LIZ WOLFE: That's really nice.

DIANE SANFILIPPO: And she was just in town visiting, so she doesn't even live here.

LIZ WOLFE: For the conference? Weston A. Price Foundation conference?

DIANE SANFILIPPO: No, I don't think so. I think she was just visiting a friend, so yeah, so I'll see you this weekend at the Weston Price Conference. Well, I'll see you before that. And then Monday, here in San Francisco, I'll be doing a book signing at Omnivore Books, which is an amazing, amazing like completely food-oriented cookbook store. They've had some really great, like big names and sort of the whole food/foodie cookbook arena. And I guess they had-there's a blog called Smitten Kitchen that has a cookbook out…

LIZ WOLFE: Oh yeah.

DIANE SANFILIPPO: Yeah, so they were there this weekend, or this past weekend, and kind of like just blew up the whole place. And the woman who owns Omnivore Books was like, uh, do you have some kind of huge following that I don't know about? Is this going to like explode my store again? And I kind of joked with her, like you don't know about my following? [laughs] Like, but I told her, you know, not to worry. I don't think it'll be quite as extreme, but absolutely if anybody's, you know, in the Bay Area, you're in San Francisco, come by at 6 o'clock on Monday night at Omnivore Books. It'll be a good time. I'll be signing books, and that's pretty much it, I think. Before next weekend, heading up to Tacoma to teach, up in Tacoma and do a book signing in Seattle, Seattle area, so people can check out the website for those details.

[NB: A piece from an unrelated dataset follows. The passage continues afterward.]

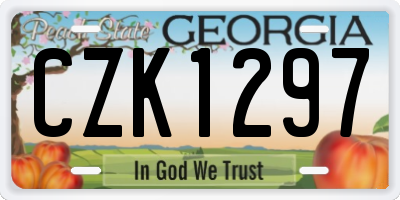 GA license plate CZK1297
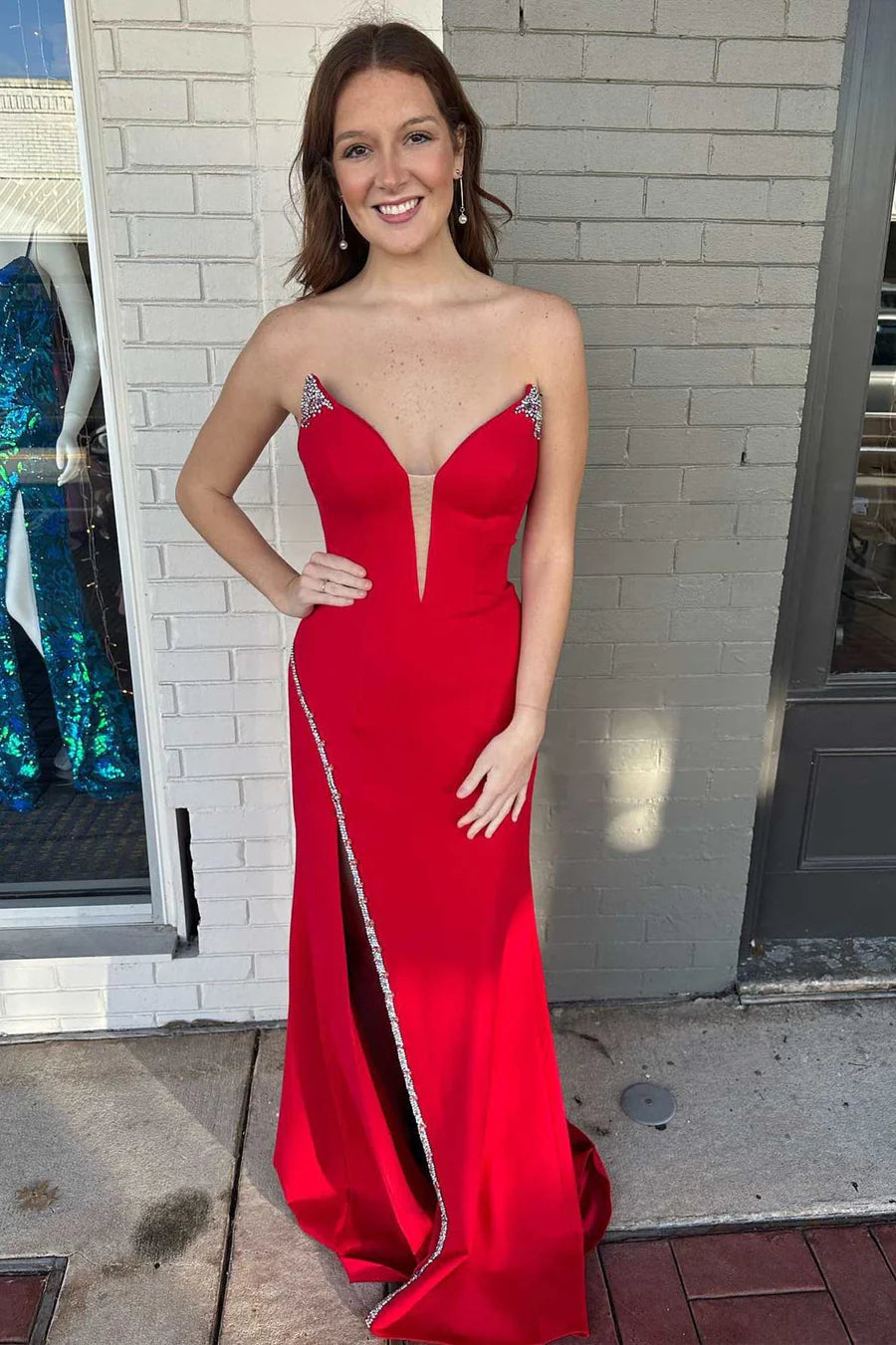 Beaded strapless long formal slit dress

LIZ WOLFE: Wonderful. So I'm heading to the Air Force Academy right after the conference. I'll be in Denver for a hot minute, and then heading up to Colorado Springs to present some nutrition information to the Academy, Air Force Academy and regional firefighters through the First Twenty and Jumpline Tactical Fitness, which I'm really excited about. These firefighters have been occupied so frequently and so much lately, and I really did just want to give a heartfelt thank you to all of the first responders out there. This is particularly poignant given the devastation from Hurricane Sandy, which, to be quite honest, Diane, I didn't fully realize the horrific destruction Sandy left when we recorded last week. We've been out of power. I hadn't had the news running, and my phone wasn't connecting, and the first activity I did after leaving the house and getting reconnected to everything was to record our last podcast, really kind of oblivious to what had gone on up North and as we've had some time to really see and reflect all this damage, just really clear to me that this is going to be a long rebuild and I'm just amazed at the courage of all the first responders in this situation and of course, others in the wildfires that we've seen, just increasingly. And I just wanted to throw that out there.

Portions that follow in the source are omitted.